Managing your wealth

Whether you are investing for growth to provide a nest egg for the future, school fees planning, income to help pay those bills or enjoy life or both, we will start by looking at the most tax efficient saving so that you can make the most of your money.

The value of your investment can go down as well as up and you may not get back the full amount you have invested.

Investment Types

Deposit based savings

Instant Access Accounts

A deposit held at a financial institution that allows instant access to your money in turn you will receive a lower rate of interest

Term Deposits

A deposit held at a financial institution that has a fixed term. These are generally short-term with maturities ranging anywhere from a month to a few years. When a term deposit is purchased, the customer understands that the money can only be withdrawn after the term has ended or by giving a predetermined number of days notice. You will be rewarded with a higher rate of interest than that of a instant access account.

National Savings

NS&I offers a wide range of savings and investment products, specialising in tax-free and income generating products. Besides the very popular Premium Bond, NS&I’s range of products includes:

  • Premium Bonds
  • Individual Saving Account (ISAs) (Direct ISA or Cash ISA)
  • Inflation Index-Linked Savings Certificates
  • Fixed Interest Savings Certificates
  • Income Bonds
  • Guaranteed Growth Bonds
  • Guaranteed Equity Bonds
  • Children’s Bonus Bonds
  • Direct Saver Account
  • Investment Account

Please note that these investments do not include the same security of capital which is afforded with a deposit account.
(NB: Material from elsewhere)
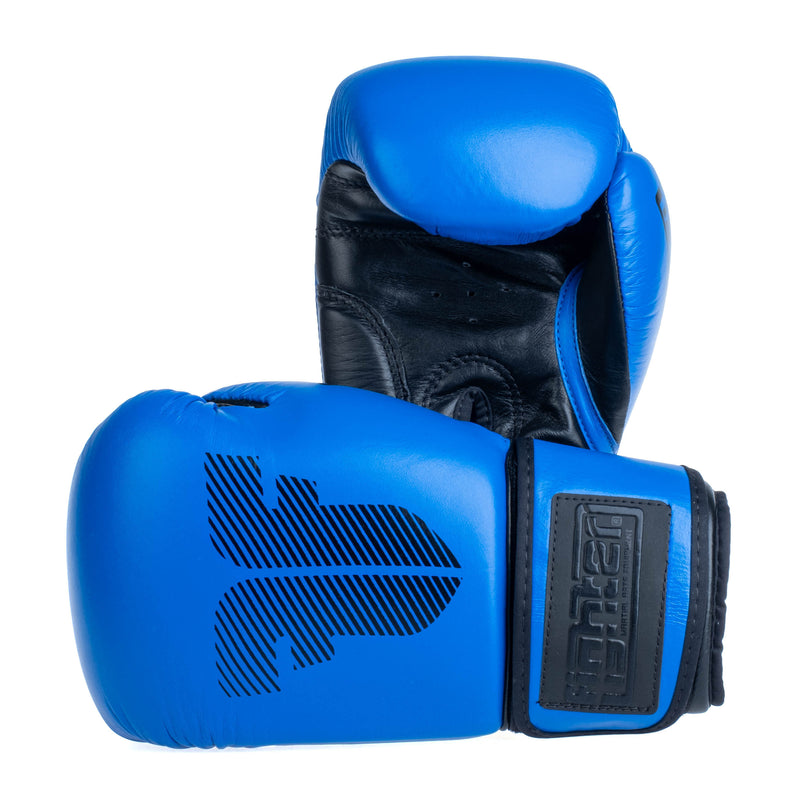 Boxerské rukavice Fighter Amateur - modrá, 1376-BXB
The Financial Conduct Authority does not regulate National Savings products and deposit accounts.


What is an ISA?

Using an ISA means you pay no income or capital gains tax on any interest or returns you make.

An ISA is not a type of investment; it is an amount of money that you can protect from tax each year. Where you save or invest this money is up to you.

How much is the ISA allowance?

For the 2019/20 tax year the total ISA allowance is up to £20000

The full amount can be invested in either a Cash or a Stocks & Shares ISA, or be split between the two types.

  • Cash ISA
  • Deposit based tax free savings account

These investments do not include the same security of capital which is afforded with a deposit based savings account.

Stocks & Shares ISA

Money is invested into funds investing into various asset classes other than cash such as Equities, Corporate Bonds, Gilts and commercial property.  The value of these assets can rise and fall.

Junior Cash ISA

Junior cash ISAs are tax-free savings accounts for children. With a junior cash ISA, parents, family and friends will be able to deposit up to £4,260 tax year 2019/20’ to save for the child’s future.

You can choose from a Stocks and Shares ISA, a Cash ISA, or a combination of both.

The child will receive control of all monies at age 18.


Lifetime ISA allowances

Aimed at savers aged 18-39

Each individual may contribute up to £4,000 each tax year.

For every £4 you invest you will receive a £1 top up from government.  You could receive a maximum of £1,000 per annum from the government, monies must by used to buy a house or be used for retirement when age 60 or more.  Penalties will apply if not used for these 2 purposes.

  • By incurring a Lifetime ISA Government withdrawal charge you may get back less than you paid in.
  • By saving in a Lifetime ISA instead of a qualifying pension scheme you could lose contributions by your employer, if any.

Saving in a Lifetime ISA may affect your entitlement to current and future means tested benefits

Help to Buy ISA

This can provide first time house buyers a government cash bonus of up to £3,000.  You may save up to £1,200 in the first month and then up to £200 per month in subsequent months.

The value of your investment can go down as well as up and you may not get back the full amount invested


Unit Trust / OEICS

Unit Trusts and Open Ended Investment Companies (OEIC's) are forms of shared investments, or funds,

that allow you to pool your money with thousands of other people and invest in world stock markets. Unit Trusts have proved incredibly popular because your money is invested in a broad spread of shares and your risk is reduced. But they are gradually being replaced by their modern equivalent, the OEIC.

Investment Bonds

An investment bond is a single premium life insurance policy and is a potentially tax-efficient way of holding a range of investment funds in one place.

You can usually buy investment bonds from life insurance companies and they can be a good way of allowing you to invest in a mixture of investment funds that are managed by professional investment managers.

Each bond is usually designed to provide benefits for different types of investors but a common element is that they aim to produce long term capital growth and/or generate a long-term return.